Saddam and his co-defendants are being tried on charges of committing atrocities against Kurds in northern Iraq nearly two decades ago.
Why is Saddam Hussein having a second trial?
Former Iraqi dictator Saddam Hussein is facing a range of charges before a special tribunal.
Saddam Hussein is being tried for separate cases. In the first trial, the former Iraqi leader was on trial over the killings of more than 148 Shiite Muslims from the town of Dujail in a crackdown launched after a 1982 assassination attempt on Saddam. Verdicts for Saddam and seven co-defendants are expected in that case on Oct. 16.
The second trial opens a new legal chapter for the ousted Iraqi leader. He faces charges of killing tens of thousands of Kurds during the Iraqi army's "Operation Anfal."
What is Operation Anfal?
In 1988 Saddam's regime launched a campaign of murder and displacement allegedly aimed at halting Kurdish rebellion; it was called "Anfal," meaning "spoils of war." Saddam accused the Kurds of helping Iran in its war with Iraq. An estimated 180,000 Kurds were killed, many of them buried in mass graves in the south. According to the U.S. State Department, evidence concerning the campaign indicates many women and children were killed, by firing squads and in chemical attacks.
Is there a jury?
There is no jury. The chief judge will question the witnesses, and all five judges will decide the guilt or innocence of Saddam and his seven co-defendants. The judges will be permitted to draw help from international advisers.

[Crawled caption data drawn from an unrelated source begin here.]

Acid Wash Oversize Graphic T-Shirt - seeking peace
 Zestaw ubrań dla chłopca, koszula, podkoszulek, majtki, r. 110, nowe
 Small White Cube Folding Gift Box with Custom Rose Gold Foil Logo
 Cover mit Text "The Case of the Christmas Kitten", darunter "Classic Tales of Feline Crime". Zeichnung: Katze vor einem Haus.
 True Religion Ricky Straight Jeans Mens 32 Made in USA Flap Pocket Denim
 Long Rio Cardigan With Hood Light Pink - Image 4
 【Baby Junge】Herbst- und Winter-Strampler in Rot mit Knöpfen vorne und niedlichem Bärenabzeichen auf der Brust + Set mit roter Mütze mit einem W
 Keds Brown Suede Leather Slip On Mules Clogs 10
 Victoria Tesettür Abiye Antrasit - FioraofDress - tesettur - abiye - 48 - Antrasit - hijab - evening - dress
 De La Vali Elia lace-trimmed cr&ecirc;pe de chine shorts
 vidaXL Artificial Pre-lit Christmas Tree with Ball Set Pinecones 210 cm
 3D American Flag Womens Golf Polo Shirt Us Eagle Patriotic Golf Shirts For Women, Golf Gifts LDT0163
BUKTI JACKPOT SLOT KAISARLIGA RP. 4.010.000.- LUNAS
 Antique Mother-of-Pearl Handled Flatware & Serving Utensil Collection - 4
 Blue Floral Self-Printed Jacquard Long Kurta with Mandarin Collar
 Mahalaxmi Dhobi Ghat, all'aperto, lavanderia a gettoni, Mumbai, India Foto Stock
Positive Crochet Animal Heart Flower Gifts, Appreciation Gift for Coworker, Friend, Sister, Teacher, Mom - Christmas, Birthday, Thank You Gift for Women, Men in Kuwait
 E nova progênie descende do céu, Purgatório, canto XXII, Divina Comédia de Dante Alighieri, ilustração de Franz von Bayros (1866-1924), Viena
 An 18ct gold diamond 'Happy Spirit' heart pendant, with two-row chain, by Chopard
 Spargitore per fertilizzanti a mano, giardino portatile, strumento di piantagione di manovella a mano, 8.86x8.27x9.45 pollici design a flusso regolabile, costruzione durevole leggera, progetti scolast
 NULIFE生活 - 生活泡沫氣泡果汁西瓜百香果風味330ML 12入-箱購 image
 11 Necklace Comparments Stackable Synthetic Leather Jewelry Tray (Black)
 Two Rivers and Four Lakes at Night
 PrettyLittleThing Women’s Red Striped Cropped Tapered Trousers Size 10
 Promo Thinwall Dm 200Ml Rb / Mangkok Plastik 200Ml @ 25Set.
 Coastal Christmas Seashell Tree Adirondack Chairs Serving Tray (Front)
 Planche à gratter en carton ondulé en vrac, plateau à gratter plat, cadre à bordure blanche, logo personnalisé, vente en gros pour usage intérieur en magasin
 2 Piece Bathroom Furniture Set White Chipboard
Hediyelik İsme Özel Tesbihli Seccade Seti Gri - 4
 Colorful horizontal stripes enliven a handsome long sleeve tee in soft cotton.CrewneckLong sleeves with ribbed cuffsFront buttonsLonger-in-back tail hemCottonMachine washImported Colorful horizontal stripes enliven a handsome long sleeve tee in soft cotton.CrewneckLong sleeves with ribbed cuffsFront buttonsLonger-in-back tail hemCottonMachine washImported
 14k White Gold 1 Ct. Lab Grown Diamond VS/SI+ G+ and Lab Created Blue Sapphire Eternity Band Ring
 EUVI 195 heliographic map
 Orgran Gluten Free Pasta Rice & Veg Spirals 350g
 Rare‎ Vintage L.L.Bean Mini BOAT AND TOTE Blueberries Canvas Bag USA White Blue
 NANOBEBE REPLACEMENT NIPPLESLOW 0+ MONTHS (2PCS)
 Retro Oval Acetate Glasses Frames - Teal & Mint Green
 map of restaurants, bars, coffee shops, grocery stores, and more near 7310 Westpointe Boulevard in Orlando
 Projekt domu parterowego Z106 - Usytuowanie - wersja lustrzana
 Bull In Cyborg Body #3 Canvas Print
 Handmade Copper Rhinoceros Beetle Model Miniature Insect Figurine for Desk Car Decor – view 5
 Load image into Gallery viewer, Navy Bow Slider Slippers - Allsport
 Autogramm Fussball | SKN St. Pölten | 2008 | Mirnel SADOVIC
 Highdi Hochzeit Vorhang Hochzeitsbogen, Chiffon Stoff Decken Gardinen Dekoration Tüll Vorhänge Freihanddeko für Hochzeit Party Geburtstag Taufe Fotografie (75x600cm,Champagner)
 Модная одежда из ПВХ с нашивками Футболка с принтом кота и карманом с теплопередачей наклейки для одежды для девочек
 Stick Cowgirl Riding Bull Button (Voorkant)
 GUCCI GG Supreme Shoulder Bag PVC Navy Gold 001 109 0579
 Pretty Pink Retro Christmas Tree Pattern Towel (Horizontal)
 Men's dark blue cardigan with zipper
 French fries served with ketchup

What charges does Saddam face?
In the first case, the former president faces a possible execution by hanging if convicted, though he has the right to appeal, a process that could take months. In the second trial, Saddam Hussein, once again, faces a possible death penalty for the killings of tens of thousands of Kurds during the Iraqi army's "Operation Anfal" — Arabic for "spoils of war."(AP Photo/Marco Di Lauro)
If Saddam is convicted, what happens next?
If convicted, Saddam can appeal to a nine-judge tribunal that is part of the special Iraqi tribunal set up to investigate alleged crimes by him and others during Saddam's 23-year rule.
If the sentence is upheld after all appeals are exhausted, then it must be implemented within 30 days, regardless of other judicial proceedings. If Saddam should be sentenced to death, that means he could be executed while some of the dozen or so trials he is expected to face go unfinished.